In his comments, Kramer referred to a raging U.S. domestic political dispute over the president’s comment that he notified Russia but not key Democratic leaders in Congress, particularly following Russia’s denials.
“There is no question that the raid happened and that the hurried DNA tests were able to confirm that al-Baghdadi was the one who blew himself up,” said Kramer. “But what we don't know is what role, if any, Russia actually played.”
The propaganda power of the quotation mark
Apart from direct claims denying the operation, Russian officials and the media made use of a peculiar tool --- Russian grammar punctuation marks, specifically the quotation mark.
In a 1967 essay titled “Attention: Quotation Mark!”, Russian linguist Boris Schwarzkopf analyzed the use of punctuation in Russian print media. He noted that for those using the quotation mark “as a professional weapon,” traditional punctuation rules are not enough. When a word or a phrase that is not part of a direct citation is surrounded by quotation marks, the purpose is to demonstrate that it is being used with irony or to give a negative connotation about something, creating “a sense of inaccuracy or conditionality” about what is being described.
A look through more than a dozen reports about the U.S. operation targeting al-Baghdadi posted by state-owned Russia Today (RT), Sputnik, and RIA Novosti media outlets showed that the references to the U.S. raid, its success and the death of al-Baghdadi were all put in quotation marks even though they were not part of a direct citation. As shown in the graphic below, the names of terrorist groups were also put in quotation marks.
Notably, Russian media emphasized the fact that the October 27 raid was not the first time that the Islamic State leader had been reported killed. In the Russian media reports and official statements, any mention of al-Baghdadi’s death/liquidation/killing/elimination was put in quotation marks and accompanied by such qualifiers as “again” “alleged” “yet another” etc.
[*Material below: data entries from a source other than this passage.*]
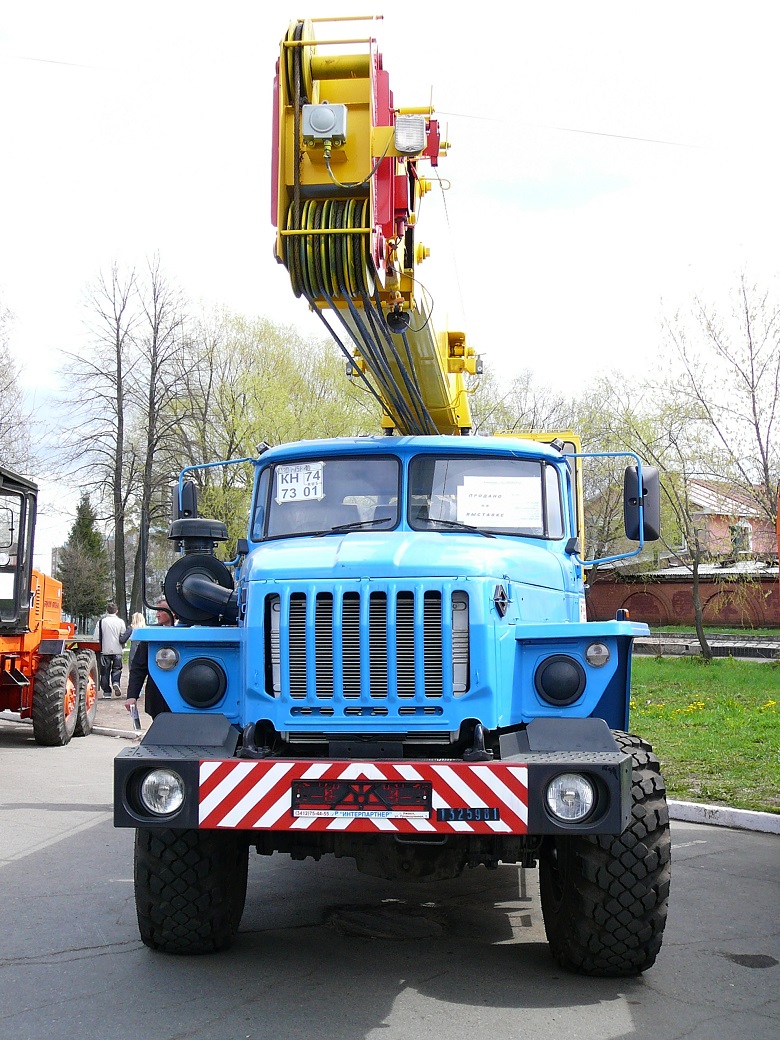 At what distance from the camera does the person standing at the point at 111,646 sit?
20.5 metres

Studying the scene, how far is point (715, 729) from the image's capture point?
1362cm

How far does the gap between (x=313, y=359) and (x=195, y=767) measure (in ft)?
101

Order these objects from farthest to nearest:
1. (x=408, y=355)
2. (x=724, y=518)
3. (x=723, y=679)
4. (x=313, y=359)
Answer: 1. (x=313, y=359)
2. (x=724, y=518)
3. (x=723, y=679)
4. (x=408, y=355)

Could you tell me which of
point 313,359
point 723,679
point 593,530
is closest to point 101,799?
point 723,679

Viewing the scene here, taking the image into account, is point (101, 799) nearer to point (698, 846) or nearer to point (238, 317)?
point (698, 846)

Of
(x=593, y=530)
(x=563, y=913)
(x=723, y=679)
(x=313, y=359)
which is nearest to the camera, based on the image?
(x=563, y=913)

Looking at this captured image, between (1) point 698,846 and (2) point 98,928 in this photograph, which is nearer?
(2) point 98,928

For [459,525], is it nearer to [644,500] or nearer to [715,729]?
[644,500]

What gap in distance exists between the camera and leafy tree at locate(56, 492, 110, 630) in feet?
167

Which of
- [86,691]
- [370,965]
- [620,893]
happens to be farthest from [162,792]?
[86,691]

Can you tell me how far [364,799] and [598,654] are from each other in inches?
52.8

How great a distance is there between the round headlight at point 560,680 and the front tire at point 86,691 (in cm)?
1070

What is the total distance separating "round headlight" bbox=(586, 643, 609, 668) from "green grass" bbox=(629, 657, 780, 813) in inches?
174

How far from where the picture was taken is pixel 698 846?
7.89 metres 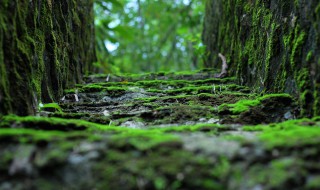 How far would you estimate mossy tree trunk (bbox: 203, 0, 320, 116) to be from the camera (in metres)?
2.92

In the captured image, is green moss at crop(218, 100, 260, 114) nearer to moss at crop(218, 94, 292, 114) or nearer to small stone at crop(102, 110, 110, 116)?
moss at crop(218, 94, 292, 114)

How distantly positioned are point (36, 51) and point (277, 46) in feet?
8.83

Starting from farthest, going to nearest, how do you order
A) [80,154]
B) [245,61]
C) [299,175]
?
1. [245,61]
2. [80,154]
3. [299,175]

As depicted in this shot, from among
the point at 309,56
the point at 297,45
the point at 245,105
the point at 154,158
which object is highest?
the point at 297,45

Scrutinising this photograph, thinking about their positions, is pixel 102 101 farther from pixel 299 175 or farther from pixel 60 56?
pixel 299 175

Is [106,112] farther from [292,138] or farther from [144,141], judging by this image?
[292,138]

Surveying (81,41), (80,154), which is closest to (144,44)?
(81,41)

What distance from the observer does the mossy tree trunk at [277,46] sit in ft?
9.58

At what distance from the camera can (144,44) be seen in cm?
1383

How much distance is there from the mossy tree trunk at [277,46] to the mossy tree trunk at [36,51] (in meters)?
2.56

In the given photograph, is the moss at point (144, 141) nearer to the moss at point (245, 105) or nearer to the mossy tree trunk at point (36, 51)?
the mossy tree trunk at point (36, 51)

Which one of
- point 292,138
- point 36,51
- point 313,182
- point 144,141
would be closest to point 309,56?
point 292,138

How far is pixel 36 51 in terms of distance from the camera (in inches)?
134

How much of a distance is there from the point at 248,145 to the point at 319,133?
50cm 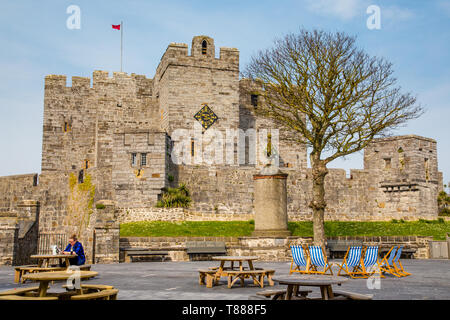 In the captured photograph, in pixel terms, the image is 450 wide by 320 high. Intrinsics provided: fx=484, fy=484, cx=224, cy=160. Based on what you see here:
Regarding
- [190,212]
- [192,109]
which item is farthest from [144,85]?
[190,212]

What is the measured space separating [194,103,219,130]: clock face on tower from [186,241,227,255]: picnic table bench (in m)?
13.0

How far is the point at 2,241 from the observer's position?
15711mm

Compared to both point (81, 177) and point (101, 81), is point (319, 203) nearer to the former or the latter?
point (81, 177)

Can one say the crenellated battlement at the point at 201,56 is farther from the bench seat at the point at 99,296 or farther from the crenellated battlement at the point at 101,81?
the bench seat at the point at 99,296

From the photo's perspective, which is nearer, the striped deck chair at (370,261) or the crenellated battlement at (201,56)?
the striped deck chair at (370,261)

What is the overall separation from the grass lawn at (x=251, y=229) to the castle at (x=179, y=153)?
199 centimetres

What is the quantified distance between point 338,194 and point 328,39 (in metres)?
13.2

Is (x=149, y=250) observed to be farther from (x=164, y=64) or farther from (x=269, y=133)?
(x=269, y=133)

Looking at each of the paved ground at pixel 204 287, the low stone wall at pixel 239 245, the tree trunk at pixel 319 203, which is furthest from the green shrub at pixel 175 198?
the paved ground at pixel 204 287

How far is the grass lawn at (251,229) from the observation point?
67.9 feet

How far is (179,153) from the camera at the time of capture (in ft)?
93.6

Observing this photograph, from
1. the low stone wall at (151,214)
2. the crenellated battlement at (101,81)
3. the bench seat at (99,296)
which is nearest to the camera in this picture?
Result: the bench seat at (99,296)

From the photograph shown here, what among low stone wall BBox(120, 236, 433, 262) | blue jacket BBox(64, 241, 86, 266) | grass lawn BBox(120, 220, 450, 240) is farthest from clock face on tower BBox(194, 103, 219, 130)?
blue jacket BBox(64, 241, 86, 266)

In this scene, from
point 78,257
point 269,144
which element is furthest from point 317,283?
point 269,144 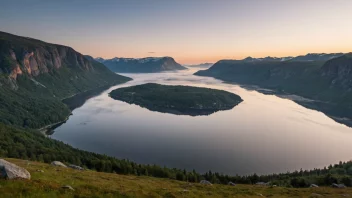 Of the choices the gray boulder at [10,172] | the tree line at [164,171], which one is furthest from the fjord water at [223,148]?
the gray boulder at [10,172]

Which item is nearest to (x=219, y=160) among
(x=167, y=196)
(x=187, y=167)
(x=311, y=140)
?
(x=187, y=167)

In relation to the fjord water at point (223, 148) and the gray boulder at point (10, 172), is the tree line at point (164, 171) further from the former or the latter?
the gray boulder at point (10, 172)

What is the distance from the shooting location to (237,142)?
6772 inches

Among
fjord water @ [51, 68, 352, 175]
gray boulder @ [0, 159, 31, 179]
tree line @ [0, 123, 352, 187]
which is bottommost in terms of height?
fjord water @ [51, 68, 352, 175]

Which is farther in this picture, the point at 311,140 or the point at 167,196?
the point at 311,140

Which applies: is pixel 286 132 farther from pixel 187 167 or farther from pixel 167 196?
pixel 167 196

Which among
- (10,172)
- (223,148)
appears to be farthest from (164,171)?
(10,172)

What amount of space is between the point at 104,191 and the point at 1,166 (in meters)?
10.4

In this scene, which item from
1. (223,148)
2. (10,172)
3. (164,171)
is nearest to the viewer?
(10,172)

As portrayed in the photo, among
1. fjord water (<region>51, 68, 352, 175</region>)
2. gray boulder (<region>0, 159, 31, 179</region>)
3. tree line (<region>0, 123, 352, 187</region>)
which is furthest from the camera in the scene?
fjord water (<region>51, 68, 352, 175</region>)

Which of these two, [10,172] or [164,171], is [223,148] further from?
[10,172]

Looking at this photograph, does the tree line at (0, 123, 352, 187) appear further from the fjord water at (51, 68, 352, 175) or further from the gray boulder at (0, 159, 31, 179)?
the gray boulder at (0, 159, 31, 179)

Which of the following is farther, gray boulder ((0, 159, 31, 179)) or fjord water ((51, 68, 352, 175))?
fjord water ((51, 68, 352, 175))

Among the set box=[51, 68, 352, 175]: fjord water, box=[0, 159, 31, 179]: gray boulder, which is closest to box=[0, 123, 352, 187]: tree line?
box=[51, 68, 352, 175]: fjord water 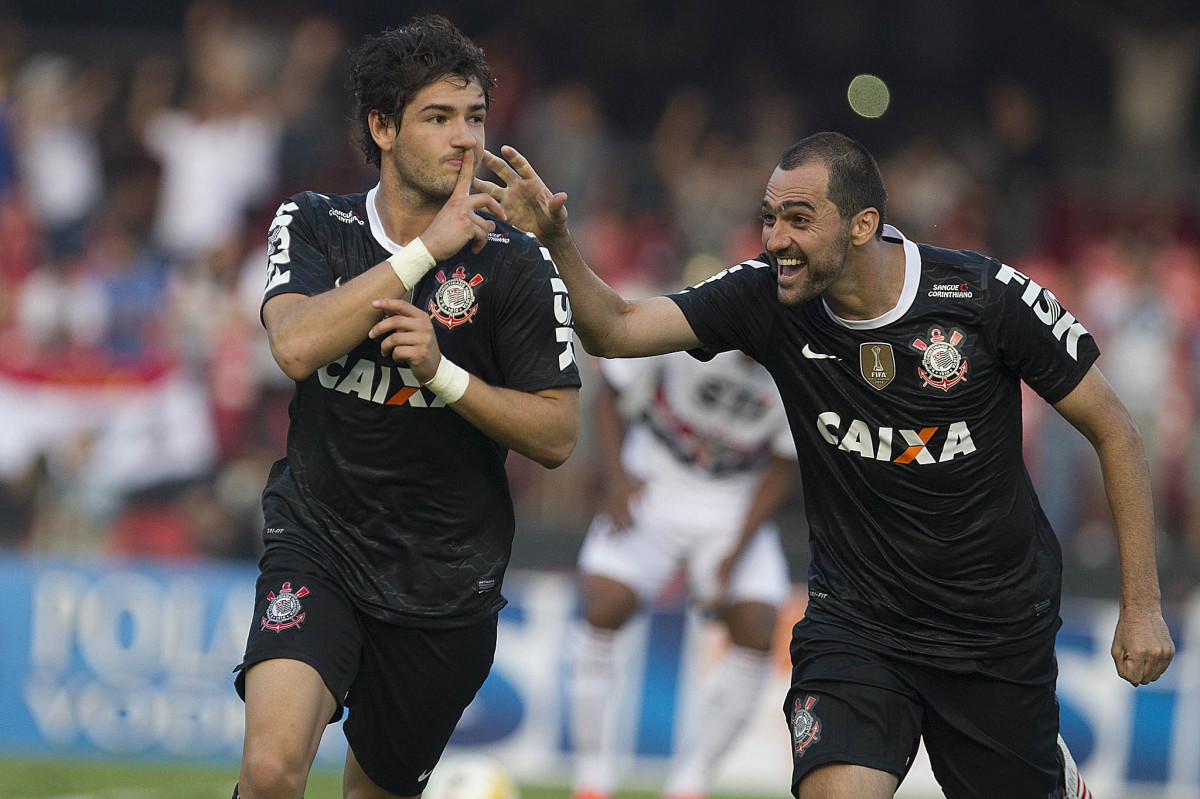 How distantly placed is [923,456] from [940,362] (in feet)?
1.03

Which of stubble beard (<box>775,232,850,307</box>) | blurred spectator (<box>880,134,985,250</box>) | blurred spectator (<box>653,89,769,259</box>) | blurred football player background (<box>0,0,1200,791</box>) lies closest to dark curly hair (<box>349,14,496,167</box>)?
stubble beard (<box>775,232,850,307</box>)

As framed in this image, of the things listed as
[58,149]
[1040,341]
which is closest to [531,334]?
[1040,341]

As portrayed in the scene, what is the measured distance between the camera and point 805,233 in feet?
16.6

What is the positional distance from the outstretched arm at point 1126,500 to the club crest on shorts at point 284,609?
8.47 feet

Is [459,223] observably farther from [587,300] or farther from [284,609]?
[284,609]

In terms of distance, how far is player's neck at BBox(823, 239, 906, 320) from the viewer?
516 centimetres

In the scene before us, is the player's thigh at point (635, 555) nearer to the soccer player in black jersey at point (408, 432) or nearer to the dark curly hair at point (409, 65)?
the soccer player in black jersey at point (408, 432)

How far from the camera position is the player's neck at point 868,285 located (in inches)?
203

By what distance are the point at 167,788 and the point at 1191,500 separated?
26.3ft

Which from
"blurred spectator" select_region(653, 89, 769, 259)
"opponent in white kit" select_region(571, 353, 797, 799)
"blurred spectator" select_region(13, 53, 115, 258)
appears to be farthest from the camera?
"blurred spectator" select_region(653, 89, 769, 259)

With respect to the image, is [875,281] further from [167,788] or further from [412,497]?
[167,788]

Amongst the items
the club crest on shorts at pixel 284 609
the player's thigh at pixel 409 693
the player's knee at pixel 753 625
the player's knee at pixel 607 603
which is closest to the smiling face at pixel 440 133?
the club crest on shorts at pixel 284 609

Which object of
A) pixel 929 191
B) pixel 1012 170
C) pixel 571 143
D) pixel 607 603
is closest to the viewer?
pixel 607 603

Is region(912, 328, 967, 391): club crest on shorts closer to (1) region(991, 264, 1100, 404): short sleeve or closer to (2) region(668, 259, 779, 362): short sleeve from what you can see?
(1) region(991, 264, 1100, 404): short sleeve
What is missing from the Russian reports is that Russia itself claimed in 2017 that it had killed al-Baghdadi, and presented a fake photograph that has been circulating around the Internet since 2014 as a proof of Russia’s success. At the time, Polygraph.info debunked that claim and uncovered the origins of the photo and the Iranian source cited by the Russian media.
(Updated: This fact check was updated October 31 with the Islamic State's confirmation that its leader is dead).